Ingredients
Equipment
Method
Prep the pan
- Line a large baking sheet with parchment paper and spread the mini pretzel squares in a single layer with space between each piece so they set evenly.
Melt and coat with white chocolate
- Melt the white chocolate melting wafers in the microwave in 30-second intervals, stirring between each, until completely smooth and glossy with no lumps.
- Spoon or drizzle the melted white chocolate over each pretzel, covering the top but leaving the edges slightly visible for a crisp pretzel edge.
Melt and drizzle the red and blue
- Melt the red candy melts in the microwave in 30-second intervals, stirring between each, until fully melted and smooth like a pourable drizzle.
- Melt the blue candy melts in the microwave in 30-second intervals, stirring between each, until fully melted and smooth like a pourable drizzle.
- Drizzle the red and blue melts over the white chocolate-coated pretzels using a spoon or piping bag, creating thin ribbons so the drizzle stays distinct.
Finish and set
- Immediately scatter the red, white, and blue star sprinkles over each piece while the chocolate is still wet so the sprinkles adhere.
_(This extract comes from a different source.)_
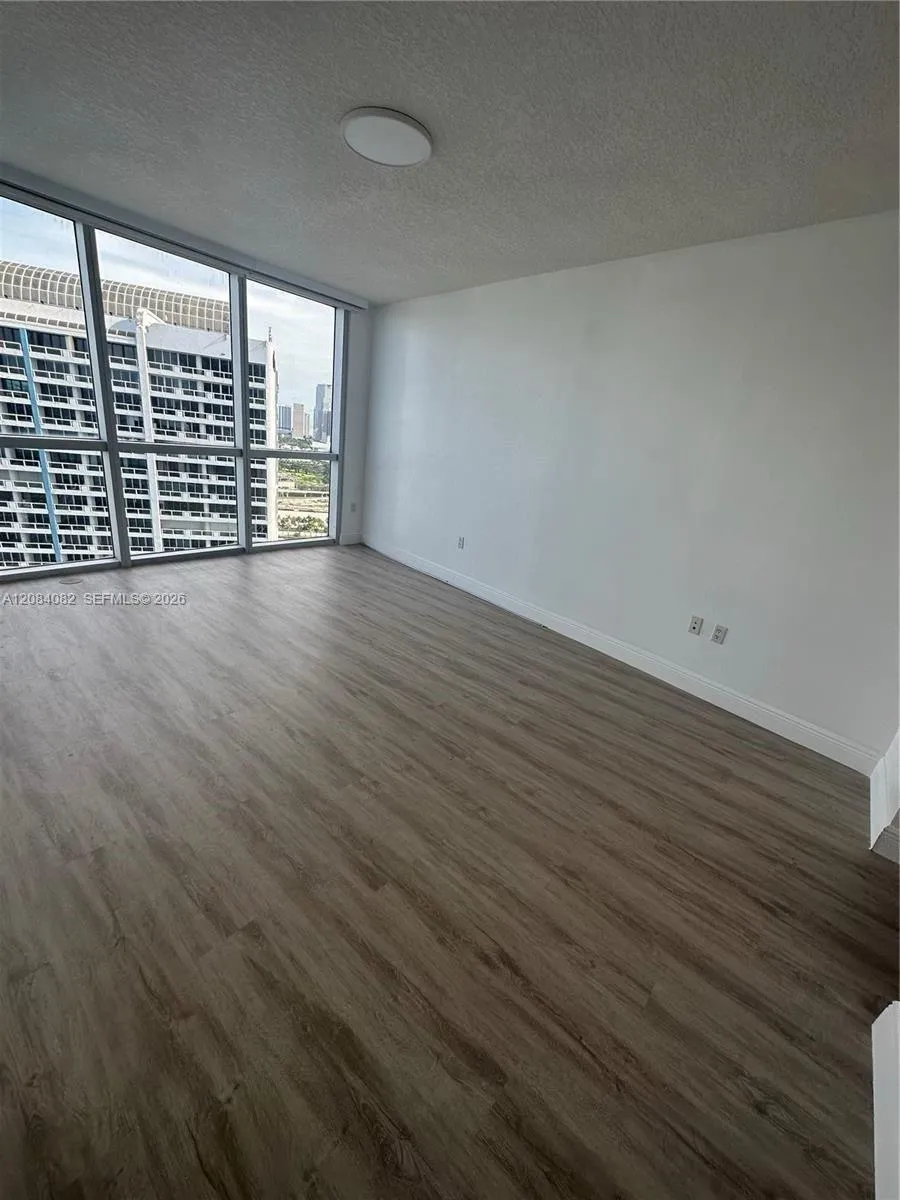 1750 Bayshore Dr #3402 Miami, FL 33132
- Let the pretzel bites sit at room temperature for 30 minutes until fully set, or refrigerate for 10 minutes for faster firming, then break apart and serve.
Notes
Pro tip: if your white chocolate looks thick, microwave in 10-second bursts and stir until perfectly smooth before coating. Store in an airtight container at room temperature up to 3 days; refrigerate up to 5 days (they can lose snap). Freeze in a single layer for up to 1 month—thaw at room temperature before serving. Dietary swap: use dairy-free white chocolate melting wafers for a dairy-free version with the same drizzle technique.